Scraped caption text data:

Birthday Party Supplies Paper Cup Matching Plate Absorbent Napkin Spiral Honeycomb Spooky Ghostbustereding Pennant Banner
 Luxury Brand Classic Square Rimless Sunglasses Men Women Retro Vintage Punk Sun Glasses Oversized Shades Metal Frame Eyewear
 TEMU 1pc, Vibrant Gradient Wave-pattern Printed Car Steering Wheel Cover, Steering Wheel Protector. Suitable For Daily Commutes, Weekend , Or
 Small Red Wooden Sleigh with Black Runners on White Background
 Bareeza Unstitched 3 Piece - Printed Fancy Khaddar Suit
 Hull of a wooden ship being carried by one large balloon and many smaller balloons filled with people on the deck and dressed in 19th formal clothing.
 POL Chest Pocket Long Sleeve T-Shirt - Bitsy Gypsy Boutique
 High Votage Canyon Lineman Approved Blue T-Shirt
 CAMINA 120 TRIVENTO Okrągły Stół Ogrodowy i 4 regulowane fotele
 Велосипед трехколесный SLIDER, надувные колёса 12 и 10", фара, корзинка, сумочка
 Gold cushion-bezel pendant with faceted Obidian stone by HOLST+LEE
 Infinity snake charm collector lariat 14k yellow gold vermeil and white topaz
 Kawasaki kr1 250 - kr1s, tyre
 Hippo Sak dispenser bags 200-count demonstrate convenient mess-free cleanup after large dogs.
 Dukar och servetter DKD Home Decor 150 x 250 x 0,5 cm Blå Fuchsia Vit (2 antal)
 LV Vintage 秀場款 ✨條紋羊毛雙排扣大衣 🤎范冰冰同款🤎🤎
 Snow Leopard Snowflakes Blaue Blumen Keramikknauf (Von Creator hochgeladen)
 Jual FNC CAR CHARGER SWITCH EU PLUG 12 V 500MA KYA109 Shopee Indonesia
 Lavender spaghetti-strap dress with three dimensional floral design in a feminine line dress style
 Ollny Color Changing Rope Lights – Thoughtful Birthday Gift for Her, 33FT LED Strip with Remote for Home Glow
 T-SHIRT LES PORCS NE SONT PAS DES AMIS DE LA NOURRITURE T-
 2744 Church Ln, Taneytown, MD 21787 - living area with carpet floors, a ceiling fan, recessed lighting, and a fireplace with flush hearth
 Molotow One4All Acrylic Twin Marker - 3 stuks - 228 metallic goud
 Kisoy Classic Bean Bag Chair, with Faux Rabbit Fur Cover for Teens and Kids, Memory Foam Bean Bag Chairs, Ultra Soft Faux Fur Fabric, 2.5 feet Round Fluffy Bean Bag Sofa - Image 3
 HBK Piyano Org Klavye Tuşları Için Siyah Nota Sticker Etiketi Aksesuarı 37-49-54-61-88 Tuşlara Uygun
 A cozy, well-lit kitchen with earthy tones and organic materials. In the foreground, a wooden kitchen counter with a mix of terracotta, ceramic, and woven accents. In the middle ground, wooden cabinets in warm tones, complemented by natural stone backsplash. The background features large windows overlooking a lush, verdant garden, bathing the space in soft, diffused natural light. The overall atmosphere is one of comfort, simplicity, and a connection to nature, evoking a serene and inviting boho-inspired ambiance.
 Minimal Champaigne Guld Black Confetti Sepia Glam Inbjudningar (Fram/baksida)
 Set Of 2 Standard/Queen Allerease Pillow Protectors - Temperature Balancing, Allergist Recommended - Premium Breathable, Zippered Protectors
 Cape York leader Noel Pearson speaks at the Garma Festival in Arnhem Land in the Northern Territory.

Exercise aim: Retype the records above from the very first line down to the line with "Luxury Brand Classic", keeping both of those lines. Include nothing beyond them.

Solution for this problem:
Birthday Party Supplies Paper Cup Matching Plate Absorbent Napkin Spiral Honeycomb Spooky Ghostbustereding Pennant Banner
 Luxury Brand Classic Square Rimless Sunglasses Men Women Retro Vintage Punk Sun Glasses Oversized Shades Metal Frame Eyewear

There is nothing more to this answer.